Görevliler tarafından sabahın erken saatlerinde istasyonun önüne bırakılan hayvan ölüleri akbabalar tarafından yenilirken, kara akbabanın iri ve sert etleri, kızıl akbabanın iç organları, küçük akbabanın kemik üzerindeki küçük et parçalarını ve sakallı akbabanın kemikleri tüketmesi, doğanın döngüsünü gözler önüne seriyor.
Özellikle nesli tehlike altında olan türlerin takibi, korunması ve toplumda farkındalık oluşturulması açısından önem taşıyan istasyon, 1 yılda yüzlerce yerli ve yabancı doğaseveri ve kuş gözlemcisini ağırladı.
'Ziyaretçiler Hem İlçe Turizmine Hem De Ülke Tanıtımına Katkı Sağlıyor'
İstasyonda görevli gönüllü yaban hayatı rehberi Mehmet Ali Altunay, AA muhabirine, Bolu'nun yırtıcı kuşlar açısından zengin bir coğrafya olduğunu söyledi.
Altunay, "Bolu, küresel ölçekte nesli tehlike altında olan türlere ev sahipliği yapan çok özel bir bölge. Dünyada çok az noktada aynı anda gözlemlenebilen dört akbaba türü burada bir arada bulunuyor." dedi.
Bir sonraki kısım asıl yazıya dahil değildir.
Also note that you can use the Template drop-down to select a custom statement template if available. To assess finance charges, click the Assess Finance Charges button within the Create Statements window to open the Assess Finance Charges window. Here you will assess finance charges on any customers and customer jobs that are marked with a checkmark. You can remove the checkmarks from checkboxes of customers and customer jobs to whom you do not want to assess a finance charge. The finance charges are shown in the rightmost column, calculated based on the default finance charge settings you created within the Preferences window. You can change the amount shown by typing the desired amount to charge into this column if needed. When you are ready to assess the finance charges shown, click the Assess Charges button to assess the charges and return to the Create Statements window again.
Akbabaların beslenme sürecinin doğada belirli düzende gerçekleştiğini anlatan Altunay, "Besin alana bırakıldığında ilk keşfi kuzgun yapar. Kuzgun, alanın güvenli olduğunu diğer kuşlara gösterir. Ardından kara akbaba leşin derisini açar. Kızıl akbaba iç organları tüketir. Küçük akbaba, geride kalan küçük et parçalarını temizler. En son sakallı akbaba kemiklerle beslenir. Böylece doğada neredeyse hiçbir atık kalmaz." ifadelerini kullandı.
Akbabaların mide asitlerinin çok güçlü olduğunu dile getiren Altunay, bakterili ve mikroplu besinleri dahi sindirebildiklerini, bu sayede doğada hastalık riskini azalttıklarını kaydetti.
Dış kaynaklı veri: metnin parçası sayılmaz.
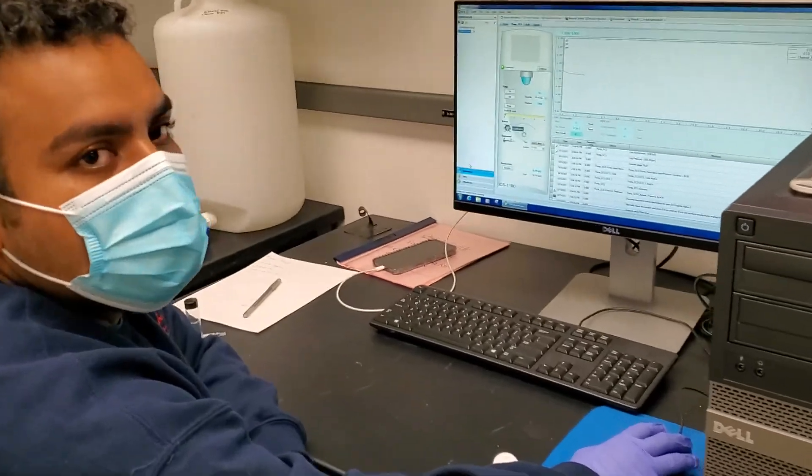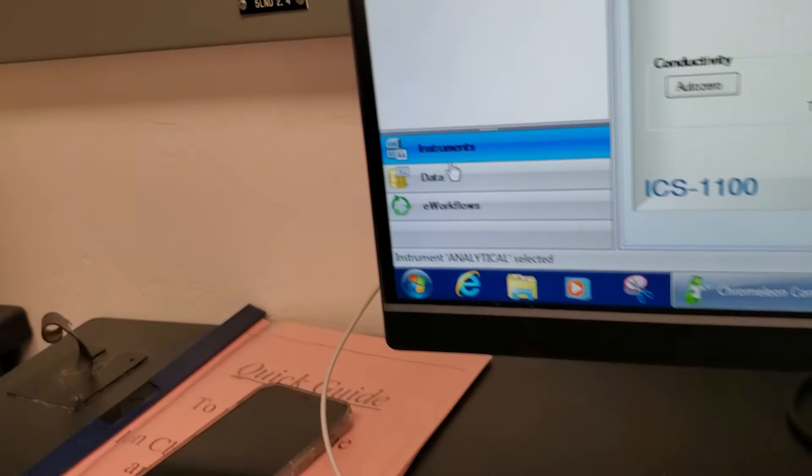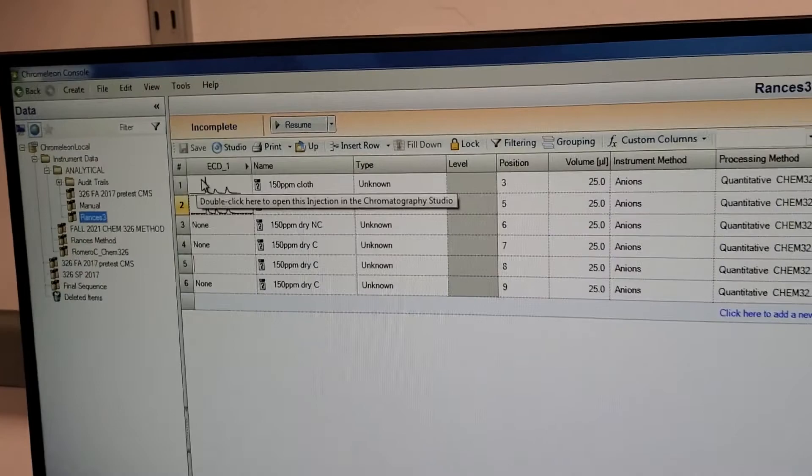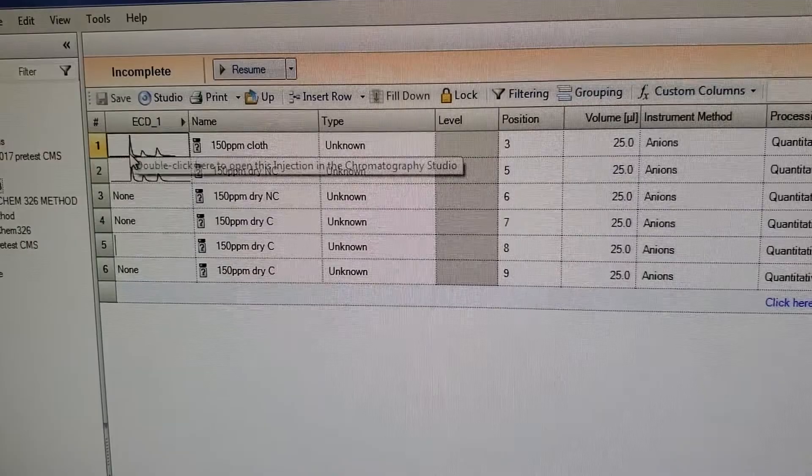Rancis shows us how to use the peak integration software. To access your results, go back to data over here. Under your sequence, you'll have all of your results. Just double-click on whichever results you want to check.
Altunay, istasyonun yalnızca gözlem alanı değil "doğa eğitimi merkezi" niteliği de taşıdığına işaret ederek, "Akbaba İstasyonuna, kuş gözlemcileri, bilim insanları, akademisyenler ve öğrencilerimiz geliyor. Yurt içinden ve yurt dışından misafirlerimiz, hem ilçe turizmine hem de ülke tanıtımına katkıda bulunuyor." diye konuştu.